While two torpedo squadrons are ripped apart by the Japanese Zero fighters without doing any damage to the Japanese carriers, and the Zeros were waving hopping on the deck, gleefully taking the easy prey, the battle was about to change in seconds. McClusky’s dive bombers from the Enterprise and Lt. Cmdr Max Leslie’s group from the Yorktown appeared overhead. With no fighter cover and their decks full of aircraft in the process of being re-armed and re-fueled, the Japanese were sitting ducks. In less than five minutes, the pride of the Japanese fleet, three of their top line carriers, the Kaga, Akagi, and Soryu were flaming wrecks.
The movie also shows legendary film director John Ford, who filmed a documentary of the battle for the War Department. Ford, who made some iconic John Wayne westerns, is seen on the island of Midway urging his cameraman during the battle to “keep shooting!”
Dennis Quaid has a cameo (doesn’t Quaid have to appear in every Emerich film?) as Admiral Bull Halsey, who misses out on the battle because of a bad case of the shingles.
Woody Harrelson also appears as the white-haired Admiral Chester Nimitz. His scenes are interesting as you can’t stop staring at his white hair.
The cast is mainly B-list actors who work to portray the characters as best as they can. On the contrary, the 1976 cast was a who’s who of the film industry of the time and included Charlton Heston, Henry Fonda, Robert Mitchum et. al.
Emerich’s tale is one of respect. Respect for the veterans of our Greatest Generation who fought in the battle. And respect for the Japanese who fought in it as well. Emerich dedicated it to “those brave American and Japanese soldiers (sailors?) who gave their lives during the Battle of Midway.”

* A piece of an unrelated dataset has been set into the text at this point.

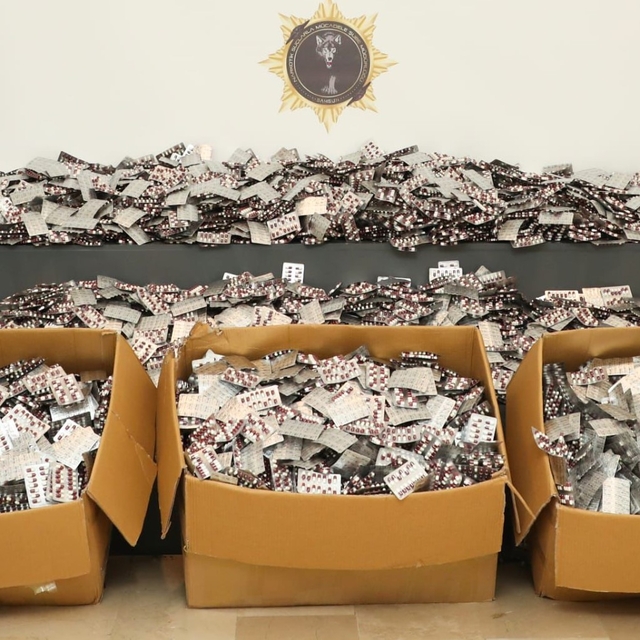 Samsun'da 184 bin sentetik hap ele geçirildi; 4 gözaltı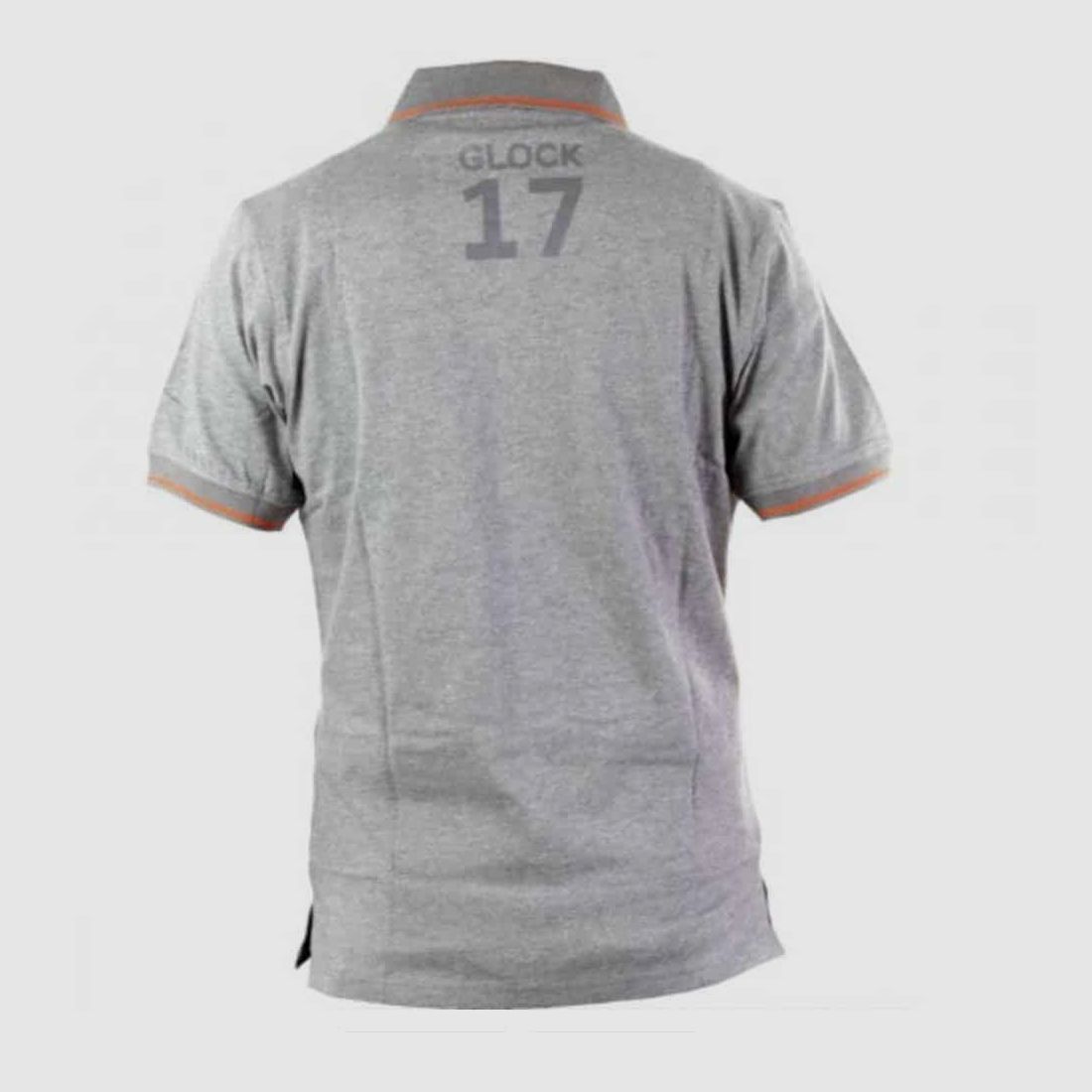 GLOCK POLO SHIRT MEN SF GRIGIA G17, immagine 4 di 4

The film’s release, right at the start of Veterans Day weekend, was no coincidence. A nice touch at the end of the film before the credits rolled was the showing of the actual participants and a brief bio of each.
If you leave the theater thinking that it seemed almost like watching one of those classic war films with the cheesy clichéd lines that we all grew up with, you’d be correct. But the film does a very good job at showing how the war in the Pacific changed course in a matter of minutes.
“Midway” was well done and is definitely worth seeing.